● **What the task requires**:
Omitting all images, output the entries that follow exactly as written.

[Items from a data source]
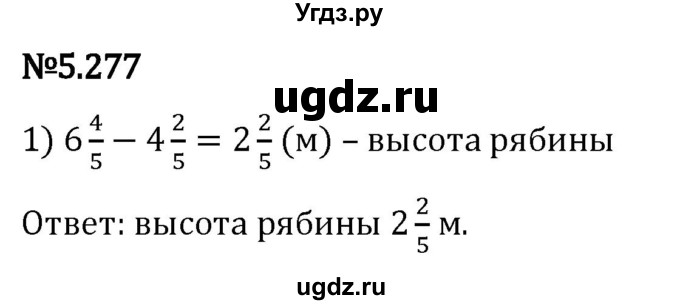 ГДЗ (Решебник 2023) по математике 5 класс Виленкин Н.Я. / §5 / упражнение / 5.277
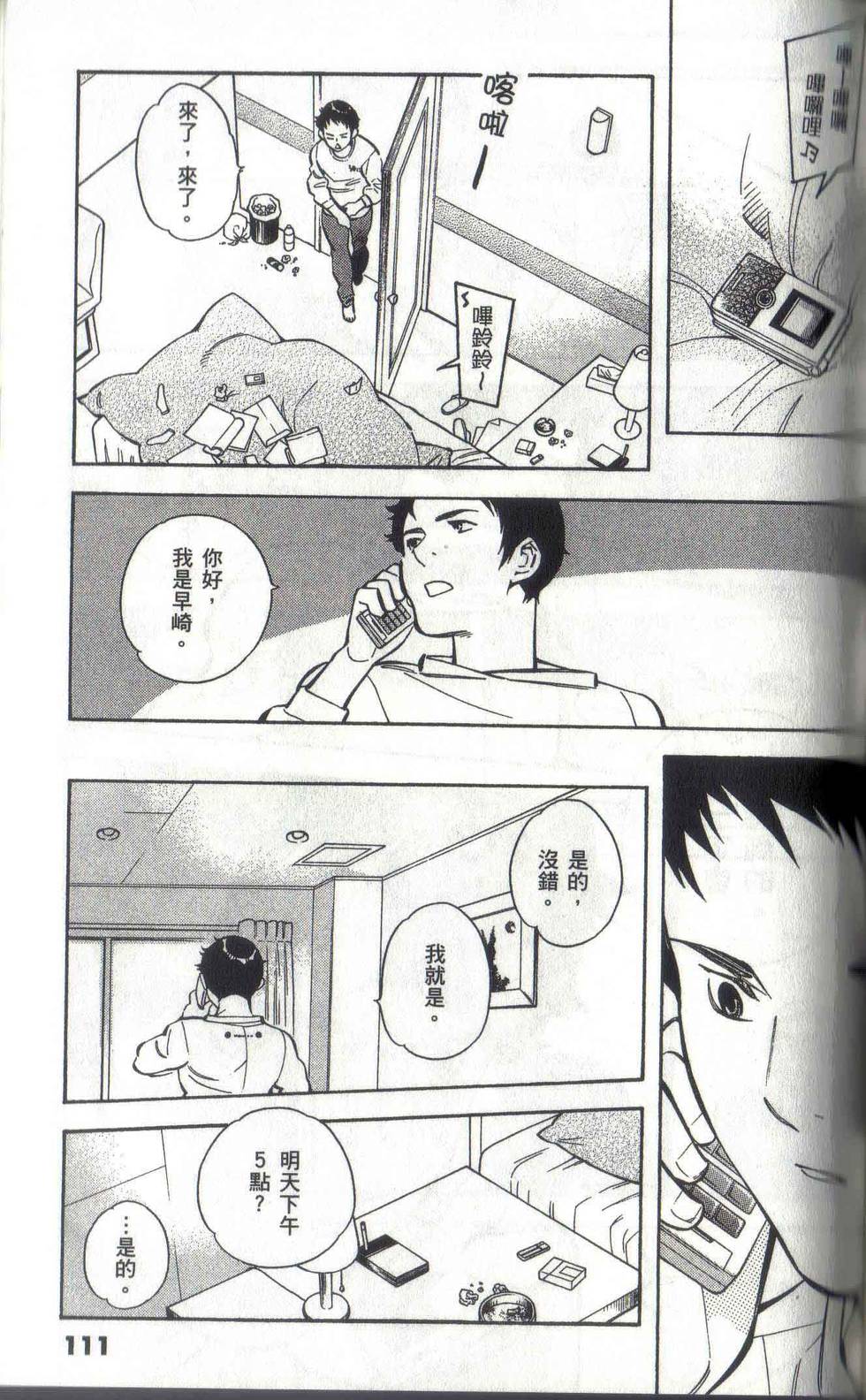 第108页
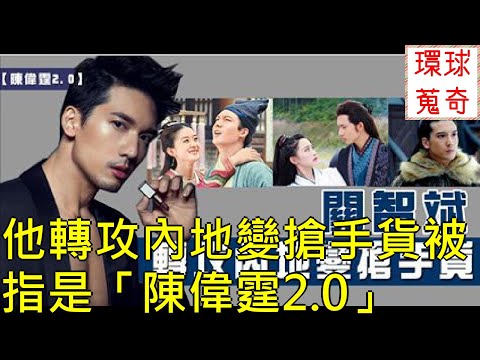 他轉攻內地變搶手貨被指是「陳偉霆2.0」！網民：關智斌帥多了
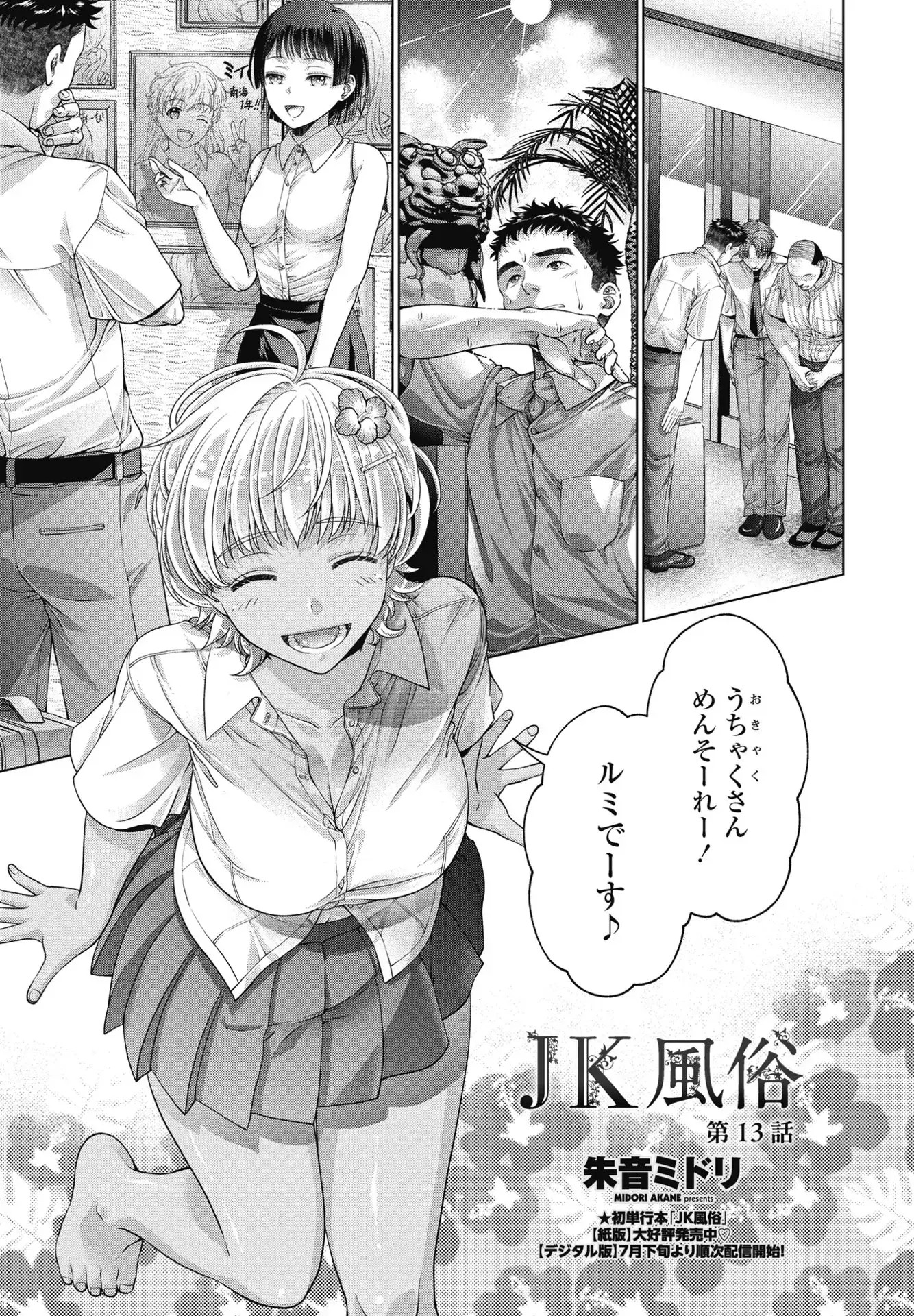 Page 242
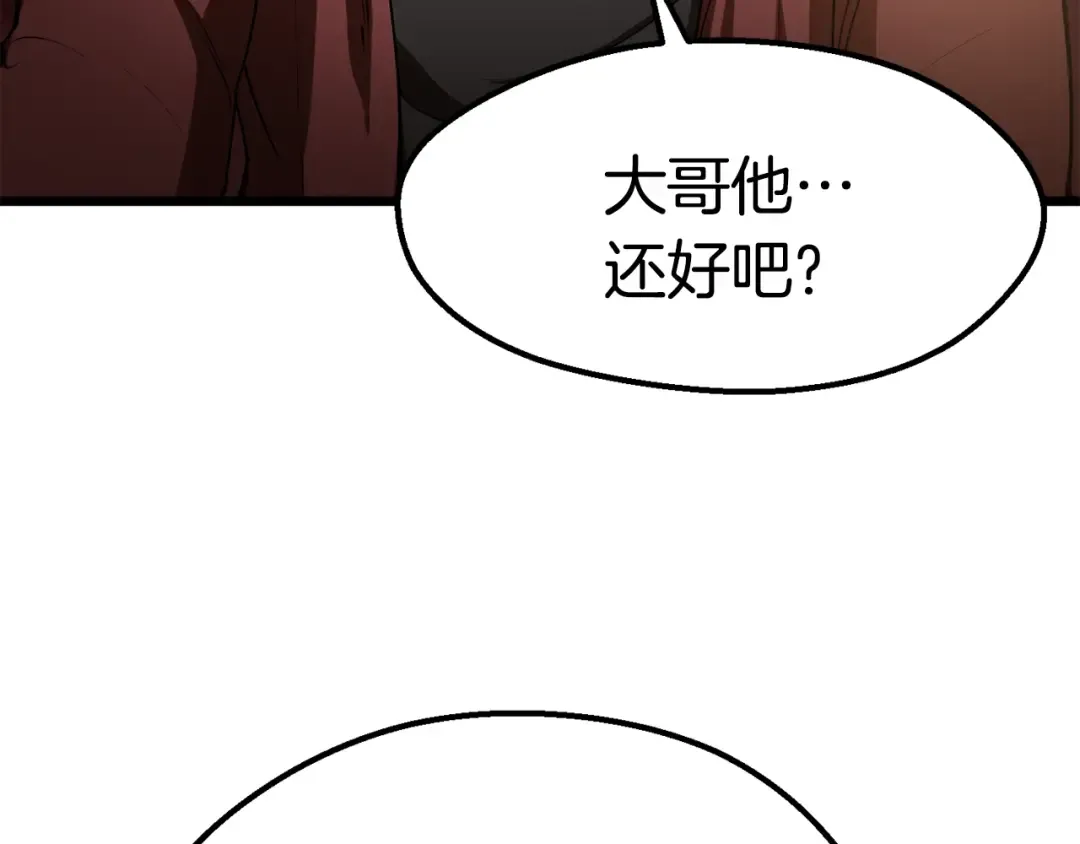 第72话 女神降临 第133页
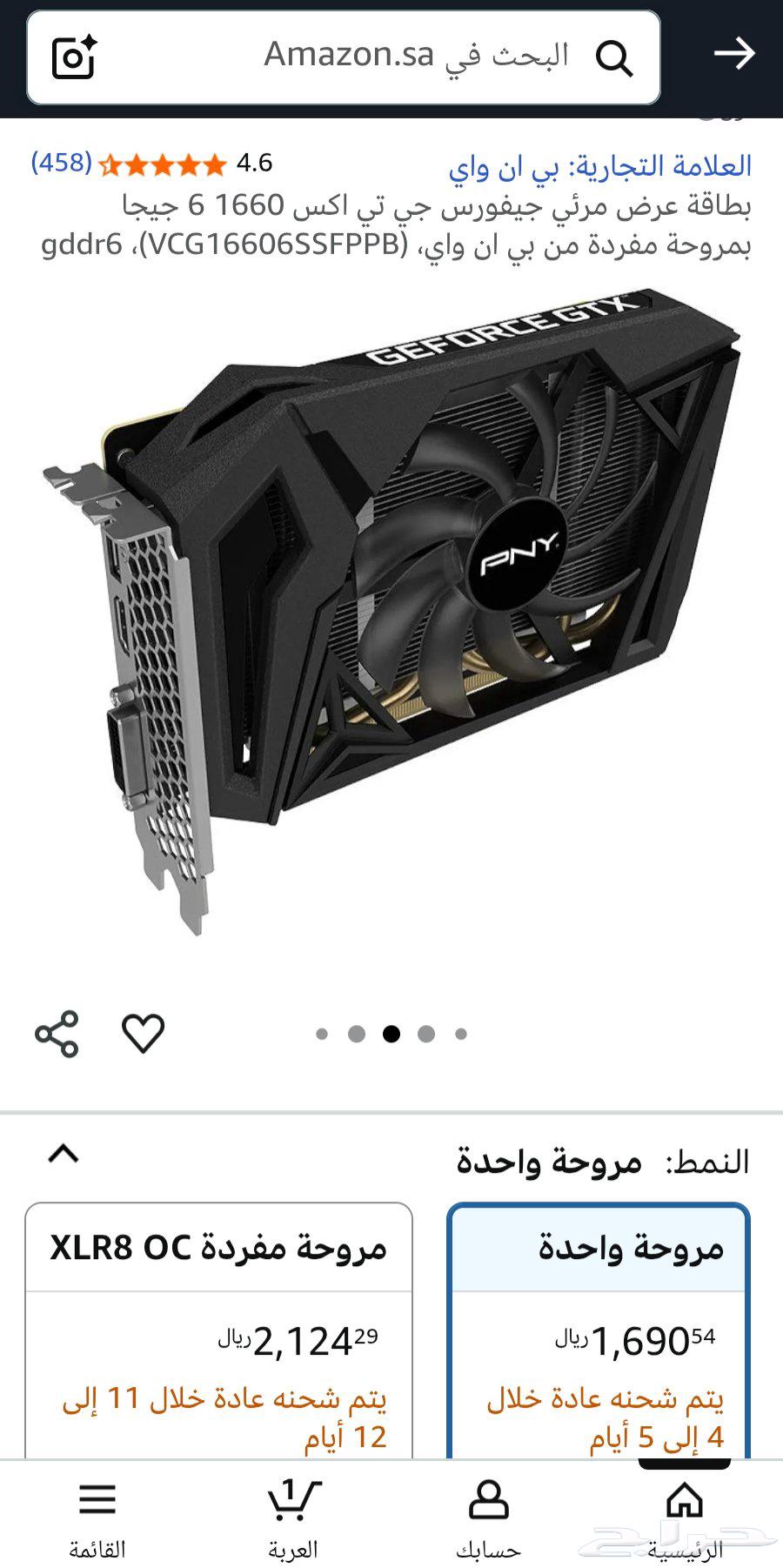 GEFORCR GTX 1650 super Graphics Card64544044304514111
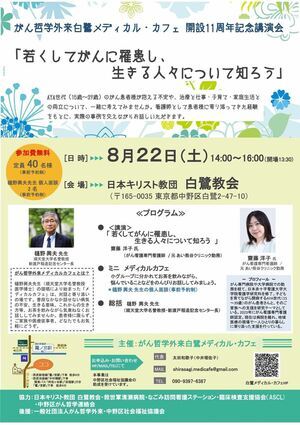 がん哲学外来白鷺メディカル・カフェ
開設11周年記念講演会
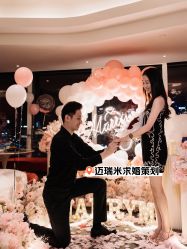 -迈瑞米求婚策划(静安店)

● **Written response**:
 ГДЗ (Решебник 2023) по математике 5 класс Виленкин Н.Я. / §5 / упражнение / 5.277
 第108页
 他轉攻內地變搶手貨被指是「陳偉霆2.0」！網民：關智斌帥多了
 Page 242
 第72话 女神降临 第133页
 GEFORCR GTX 1650 super Graphics Card64544044304514111
 がん哲学外来白鷺メディカル・カフェ
開設11周年記念講演会
 -迈瑞米求婚策划(静安店)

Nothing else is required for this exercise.